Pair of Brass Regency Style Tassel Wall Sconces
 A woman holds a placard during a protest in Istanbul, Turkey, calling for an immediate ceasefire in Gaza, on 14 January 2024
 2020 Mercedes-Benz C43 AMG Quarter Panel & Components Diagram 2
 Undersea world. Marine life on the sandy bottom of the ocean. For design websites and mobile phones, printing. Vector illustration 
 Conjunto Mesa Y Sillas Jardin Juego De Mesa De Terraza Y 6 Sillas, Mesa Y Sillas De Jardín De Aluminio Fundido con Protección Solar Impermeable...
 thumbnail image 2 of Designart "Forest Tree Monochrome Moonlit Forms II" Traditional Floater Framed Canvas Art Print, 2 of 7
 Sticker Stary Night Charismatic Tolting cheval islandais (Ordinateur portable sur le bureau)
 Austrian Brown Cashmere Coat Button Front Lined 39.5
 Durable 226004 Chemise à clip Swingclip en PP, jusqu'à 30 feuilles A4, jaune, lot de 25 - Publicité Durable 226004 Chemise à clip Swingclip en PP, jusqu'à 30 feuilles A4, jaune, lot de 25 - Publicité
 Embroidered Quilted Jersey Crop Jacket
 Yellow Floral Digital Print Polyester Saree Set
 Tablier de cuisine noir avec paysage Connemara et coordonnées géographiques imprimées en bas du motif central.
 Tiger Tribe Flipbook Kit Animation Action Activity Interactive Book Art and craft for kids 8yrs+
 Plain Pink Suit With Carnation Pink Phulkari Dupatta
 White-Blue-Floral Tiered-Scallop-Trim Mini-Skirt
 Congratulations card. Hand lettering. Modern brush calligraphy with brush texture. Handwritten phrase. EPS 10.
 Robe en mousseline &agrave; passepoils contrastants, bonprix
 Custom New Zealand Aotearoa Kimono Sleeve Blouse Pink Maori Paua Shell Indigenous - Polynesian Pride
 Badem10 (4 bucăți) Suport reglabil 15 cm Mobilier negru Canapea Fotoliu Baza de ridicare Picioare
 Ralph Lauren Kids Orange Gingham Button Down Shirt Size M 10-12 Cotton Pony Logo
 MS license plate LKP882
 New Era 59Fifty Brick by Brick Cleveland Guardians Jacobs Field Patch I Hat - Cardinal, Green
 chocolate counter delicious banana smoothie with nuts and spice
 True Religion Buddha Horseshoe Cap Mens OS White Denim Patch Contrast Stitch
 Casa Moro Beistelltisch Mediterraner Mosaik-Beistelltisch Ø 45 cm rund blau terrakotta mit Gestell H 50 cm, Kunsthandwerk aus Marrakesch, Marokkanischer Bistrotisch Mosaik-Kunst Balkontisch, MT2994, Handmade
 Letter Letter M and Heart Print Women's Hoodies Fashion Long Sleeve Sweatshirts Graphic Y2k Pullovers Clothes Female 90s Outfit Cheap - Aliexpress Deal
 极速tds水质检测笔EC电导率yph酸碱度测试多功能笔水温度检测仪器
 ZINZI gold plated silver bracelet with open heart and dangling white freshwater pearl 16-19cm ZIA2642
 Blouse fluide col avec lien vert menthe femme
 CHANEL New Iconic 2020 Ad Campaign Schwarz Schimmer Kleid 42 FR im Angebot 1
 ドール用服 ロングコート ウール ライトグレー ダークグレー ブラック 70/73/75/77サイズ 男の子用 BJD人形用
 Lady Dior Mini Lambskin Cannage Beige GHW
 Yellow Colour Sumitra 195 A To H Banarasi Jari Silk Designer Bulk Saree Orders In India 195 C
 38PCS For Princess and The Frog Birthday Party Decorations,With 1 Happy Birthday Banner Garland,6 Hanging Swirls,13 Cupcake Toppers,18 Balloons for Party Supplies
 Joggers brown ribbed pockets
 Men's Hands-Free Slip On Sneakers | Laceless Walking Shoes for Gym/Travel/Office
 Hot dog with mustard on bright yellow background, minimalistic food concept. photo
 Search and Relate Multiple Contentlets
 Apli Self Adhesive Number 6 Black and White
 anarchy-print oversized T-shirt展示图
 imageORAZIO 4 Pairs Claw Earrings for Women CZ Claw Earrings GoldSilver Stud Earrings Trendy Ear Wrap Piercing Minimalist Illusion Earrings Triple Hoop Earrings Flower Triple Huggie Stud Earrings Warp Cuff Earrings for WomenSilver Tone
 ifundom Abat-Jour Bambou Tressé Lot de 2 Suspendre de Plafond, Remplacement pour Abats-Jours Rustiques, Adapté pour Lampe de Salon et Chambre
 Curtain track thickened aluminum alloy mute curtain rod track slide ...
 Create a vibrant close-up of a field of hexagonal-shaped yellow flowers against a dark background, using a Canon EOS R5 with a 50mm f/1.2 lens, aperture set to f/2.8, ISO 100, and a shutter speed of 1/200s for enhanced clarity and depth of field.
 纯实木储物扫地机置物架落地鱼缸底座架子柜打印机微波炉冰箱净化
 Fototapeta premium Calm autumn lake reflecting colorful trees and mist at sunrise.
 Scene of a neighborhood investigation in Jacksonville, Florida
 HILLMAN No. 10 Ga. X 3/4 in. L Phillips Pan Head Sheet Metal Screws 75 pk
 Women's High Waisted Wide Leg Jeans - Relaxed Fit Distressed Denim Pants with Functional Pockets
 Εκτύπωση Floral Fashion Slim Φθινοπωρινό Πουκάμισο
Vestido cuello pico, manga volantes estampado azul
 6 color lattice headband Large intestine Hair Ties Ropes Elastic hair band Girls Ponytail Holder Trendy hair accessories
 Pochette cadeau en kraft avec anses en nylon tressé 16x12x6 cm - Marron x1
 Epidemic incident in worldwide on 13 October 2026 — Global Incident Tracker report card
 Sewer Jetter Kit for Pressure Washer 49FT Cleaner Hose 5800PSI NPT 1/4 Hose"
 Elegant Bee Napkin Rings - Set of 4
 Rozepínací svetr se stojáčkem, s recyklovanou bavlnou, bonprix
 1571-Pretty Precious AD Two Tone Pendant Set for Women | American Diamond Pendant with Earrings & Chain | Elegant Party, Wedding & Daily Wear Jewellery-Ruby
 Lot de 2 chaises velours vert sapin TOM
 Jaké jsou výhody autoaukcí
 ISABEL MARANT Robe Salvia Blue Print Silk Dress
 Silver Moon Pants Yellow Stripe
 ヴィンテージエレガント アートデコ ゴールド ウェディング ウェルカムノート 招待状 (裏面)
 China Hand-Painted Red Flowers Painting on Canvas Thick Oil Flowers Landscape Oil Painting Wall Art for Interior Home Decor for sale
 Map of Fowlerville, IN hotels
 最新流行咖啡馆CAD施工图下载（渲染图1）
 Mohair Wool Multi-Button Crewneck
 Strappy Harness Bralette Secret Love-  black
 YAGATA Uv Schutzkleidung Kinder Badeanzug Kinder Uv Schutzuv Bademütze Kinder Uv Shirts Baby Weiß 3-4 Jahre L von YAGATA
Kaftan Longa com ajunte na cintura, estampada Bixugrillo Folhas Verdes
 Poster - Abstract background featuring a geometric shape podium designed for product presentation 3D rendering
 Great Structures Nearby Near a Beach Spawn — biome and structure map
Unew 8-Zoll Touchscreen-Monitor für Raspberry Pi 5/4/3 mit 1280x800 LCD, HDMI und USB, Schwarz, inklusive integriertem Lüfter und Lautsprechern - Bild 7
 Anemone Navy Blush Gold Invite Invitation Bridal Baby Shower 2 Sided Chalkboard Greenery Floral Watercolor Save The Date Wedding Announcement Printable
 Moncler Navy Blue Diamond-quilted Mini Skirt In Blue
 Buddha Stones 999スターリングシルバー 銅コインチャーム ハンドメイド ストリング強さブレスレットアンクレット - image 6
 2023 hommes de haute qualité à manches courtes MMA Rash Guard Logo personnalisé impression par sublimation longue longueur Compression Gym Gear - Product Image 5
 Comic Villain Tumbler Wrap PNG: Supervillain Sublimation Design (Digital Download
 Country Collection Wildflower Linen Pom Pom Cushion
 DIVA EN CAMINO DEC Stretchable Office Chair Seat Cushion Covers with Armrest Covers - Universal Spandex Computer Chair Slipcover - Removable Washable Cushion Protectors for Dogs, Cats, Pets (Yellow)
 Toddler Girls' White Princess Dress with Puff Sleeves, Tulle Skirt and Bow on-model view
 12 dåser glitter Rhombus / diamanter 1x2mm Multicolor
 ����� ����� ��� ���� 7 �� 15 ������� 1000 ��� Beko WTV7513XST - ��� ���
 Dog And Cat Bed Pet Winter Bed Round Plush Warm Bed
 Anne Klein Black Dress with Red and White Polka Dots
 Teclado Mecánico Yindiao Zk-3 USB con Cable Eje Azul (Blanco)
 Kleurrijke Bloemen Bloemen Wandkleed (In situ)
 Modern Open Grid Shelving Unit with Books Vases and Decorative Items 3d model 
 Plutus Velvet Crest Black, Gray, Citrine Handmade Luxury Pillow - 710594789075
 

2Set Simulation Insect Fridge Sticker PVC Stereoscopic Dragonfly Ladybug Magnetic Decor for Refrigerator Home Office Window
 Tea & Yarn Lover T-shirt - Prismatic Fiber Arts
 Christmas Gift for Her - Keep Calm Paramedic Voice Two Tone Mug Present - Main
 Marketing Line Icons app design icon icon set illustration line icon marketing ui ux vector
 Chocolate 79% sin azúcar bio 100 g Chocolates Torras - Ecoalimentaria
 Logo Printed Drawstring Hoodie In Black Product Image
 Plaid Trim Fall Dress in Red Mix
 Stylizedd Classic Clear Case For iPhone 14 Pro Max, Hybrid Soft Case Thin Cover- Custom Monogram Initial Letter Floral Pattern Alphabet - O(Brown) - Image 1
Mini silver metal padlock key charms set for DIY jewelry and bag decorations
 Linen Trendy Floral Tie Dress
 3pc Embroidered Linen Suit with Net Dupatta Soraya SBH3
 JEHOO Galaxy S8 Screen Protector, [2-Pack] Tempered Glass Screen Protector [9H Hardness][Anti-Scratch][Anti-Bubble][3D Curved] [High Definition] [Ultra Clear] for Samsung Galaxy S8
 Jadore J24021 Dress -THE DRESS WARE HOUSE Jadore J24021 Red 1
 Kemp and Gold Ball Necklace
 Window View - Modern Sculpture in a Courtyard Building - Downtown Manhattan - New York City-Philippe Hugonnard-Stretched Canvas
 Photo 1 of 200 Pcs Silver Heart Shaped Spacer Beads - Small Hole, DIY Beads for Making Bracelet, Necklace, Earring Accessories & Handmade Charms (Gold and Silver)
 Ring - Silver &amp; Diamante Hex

•••

Every line above from the line with "Vestido cuello pico, manga" to the line with "Rozepínací svetr se", both included, must be reproduced exactly, and no other line may appear.

Vestido cuello pico, manga volantes estampado azul
 6 color lattice headband Large intestine Hair Ties Ropes Elastic hair band Girls Ponytail Holder Trendy hair accessories
 Pochette cadeau en kraft avec anses en nylon tressé 16x12x6 cm - Marron x1
 Epidemic incident in worldwide on 13 October 2026 — Global Incident Tracker report card
 Sewer Jetter Kit for Pressure Washer 49FT Cleaner Hose 5800PSI NPT 1/4 Hose"
 Elegant Bee Napkin Rings - Set of 4
 Rozepínací svetr se stojáčkem, s recyklovanou bavlnou, bonprix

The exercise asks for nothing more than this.